Chapter 18 Polynomial Schemes

Wednesday, March 3, 1993

Lemma 18.1 Let \(Y = (X, \{R_i\}_{0\leq i\leq D})\) denote the symmetric scheme with associated matrices \(A_0, A_1, \ldots, A_D\). Then the following are equivalent.

\((i)\) The graph \(\Gamma = (X, R_1)\) is distance-regular, and \(R_0, \ldots, R_D\) are labelled so that

\[R_i = \{xy\mid \partial(x,y) = i\}.\]

\((ii)\) There exists \(f_i\in \mathbb{C}[\lambda]\), \(\deg f_i = i\) such that \(f_i(A_1) = A_i\) for all \(i\) with \(0\leq i\leq D\).

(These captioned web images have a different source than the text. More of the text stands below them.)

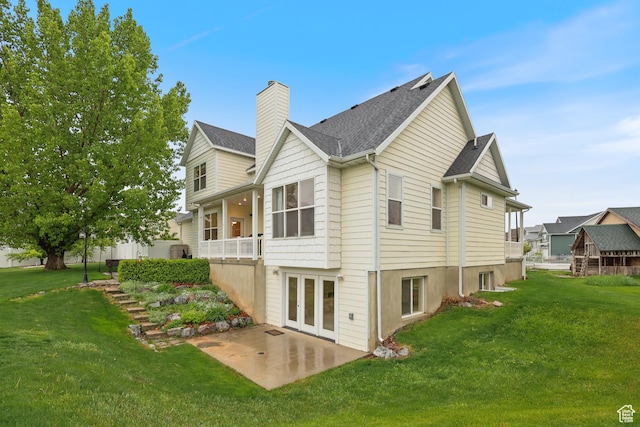 back of house with a patio area, a lawn, a chimney, and roof with shingles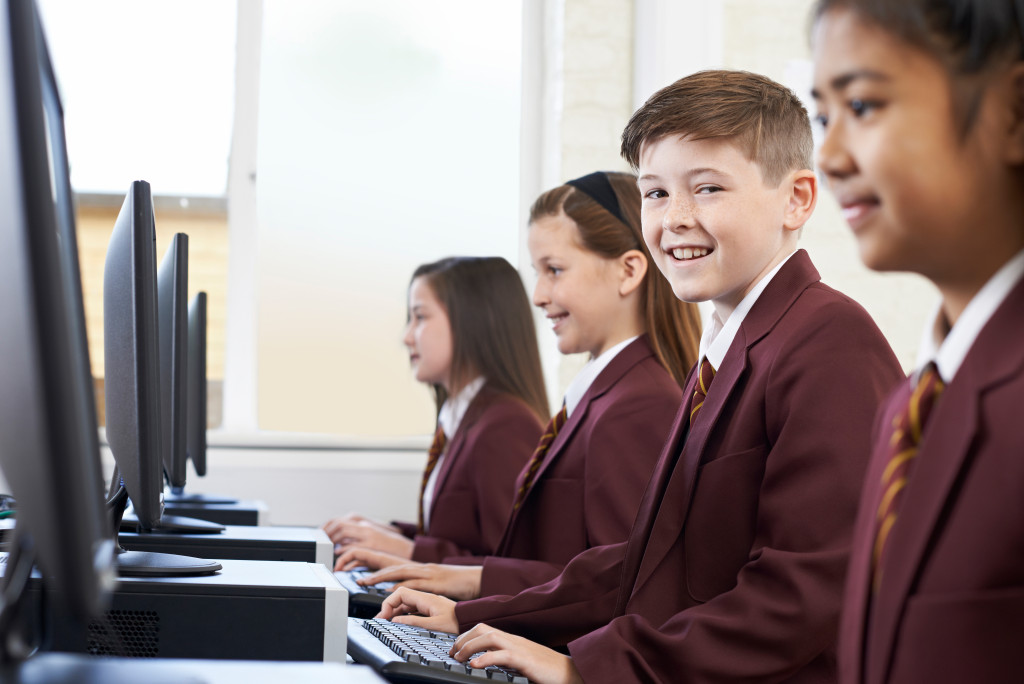 Students in uniforms using computers in school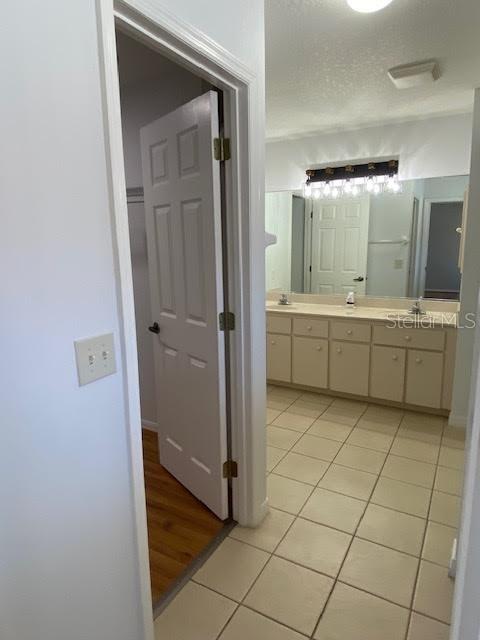8427 Southwest 136th Street Ocala, FL 34473 - Photo 12 of 18 a bathroom with a tub and a sink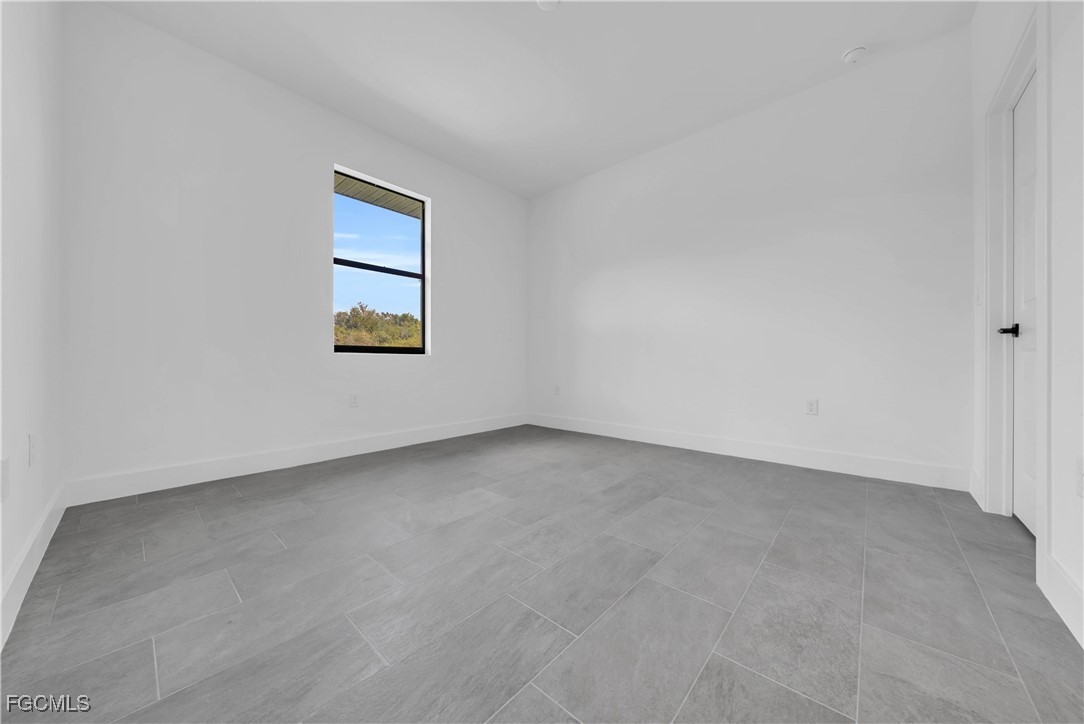 3224 53rd Street West Lehigh Acres, FL 33971 - Photo 8 of 14 an empty room with a window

\((iii)\) The parameter \(p^h_{ij}\)

\[\begin{cases} = 0 & \text{if one of $h, i, j$ is larger than the sum of the other two,}\\ \neq 0 & \text{if one of $h,i,j$ is equal to the sum of the other two.}\end{cases}\]

Proof.

\((i)\Rightarrow (ii)\): Lemma 16.1.

\((ii)\Rightarrow (iii)\): Define

\[k_i \equiv p^0_{ii} = |\{z\mid z\in X, \; \partial(x,z) = i, \; ((x,z)\in R_i)\}|\] for any \(x\in X\). Then \(k_i \neq 0\) \((0\leq i\leq D)\), \(k_0 = 1\).

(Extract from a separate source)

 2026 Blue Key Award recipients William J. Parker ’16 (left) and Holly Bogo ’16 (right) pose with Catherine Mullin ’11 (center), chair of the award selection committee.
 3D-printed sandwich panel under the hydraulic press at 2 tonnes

(By symmetricity, \((x,y)\in R_i\) if and only if \((y,x)\in R_i\).)

Claim. \[\begin{align} k_hp^h_{ij} & = k_ip^i_{hj} = k_jp^j_{ih}\\ & = |X|^{-1}|\{xyz\in X^3\mid \partial(x,y) = h, \partial(x,z) = i, \partial(y,z) = j\}|. \end{align}\] Pf. The number of \(xyz\in X^3\), \(\partial(x,y) = h, \partial(x,z) = i, \partial(y,z) = j\) is equal to \[|X|k_hp^h_{ij} = |X|k_ip^i_{hj} = k_jp^j_{ih}.\]

In particular, \[p^h_{ij} = 0 \leftrightarrow p^i_{hj} =0 \leftrightarrow p^j_{ih} = 0.\] Hence, it suffices to show \[\begin{cases} p^h_{ij} = 0 & \text{if }\; h > i+j\\ p^h_{ij} \neq 0 & \text{if }\; h = i+j. \end{cases}\]

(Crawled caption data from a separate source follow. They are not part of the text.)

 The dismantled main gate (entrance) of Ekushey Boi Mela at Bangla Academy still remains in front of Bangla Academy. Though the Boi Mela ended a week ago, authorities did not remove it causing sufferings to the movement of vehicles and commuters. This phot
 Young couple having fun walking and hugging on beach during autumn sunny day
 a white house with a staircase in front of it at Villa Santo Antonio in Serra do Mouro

Fix \(i,j\). Without loss of generality, we may assume that \(i+j\leq D\) as trivial otherwise. \[f_i(A)f_j(A) = A_iA_j = \sum_{\ell = 0}^Dp^{\ell}_{ij}A_\ell = \sum_{\ell=0}^Dp^\ell_{ij}f_\ell(A).\] \[\begin{align} i + j & = \deg \mathrm{LHS}\\ & = \deg \mathrm{RHS}\\ & = \max\{\ell\mid p^\ell_{ij}\neq 0\}. \end{align}\]

\((iii)\Rightarrow (i)\)

Let \(A = A_1\), and consider a graph \(\Gamma\) with adjacency matrix \(A\). \[\begin{align} AA_j & = \sum_{h}p^h_{1j}A_h\\ & = p^{j+1}_{1j} A_{j+1} + p^j_{1j}A_j + p^{j-1}_{1j}A_{j-1}. \end{align}\]

Then, \(p^{j+1}_{1j} \neq 0 \neq p^{j-1}_{1j}\).

Fix a vertex \(x\in X\), and set \(R_i(x) = \{y\mid (x,y)\in R_i\}\).

Then each \(y\in R_i(x)\) is adjacent in \(\Gamma\) to exactly \[\begin{align} p^i_{1,i+1} & \neq 0 \quad \text{vertices in }\; R_{i+1}(x),\\ p^i_{1i} & \qquad \text{vertices in }\; R_{i}(x),\\ p^i_{1,i-1} & \neq 0 \quad \text{vertices in }\; R_{i-1}(x). \end{align}\] Hence, by induction, \[\begin{align} R_i(x) & = \{y\mid \partial(x,y) = i \text{ in }\Gamma\} && (0\leq i\leq D), \end{align}\] and \(\Gamma\) is distance regular.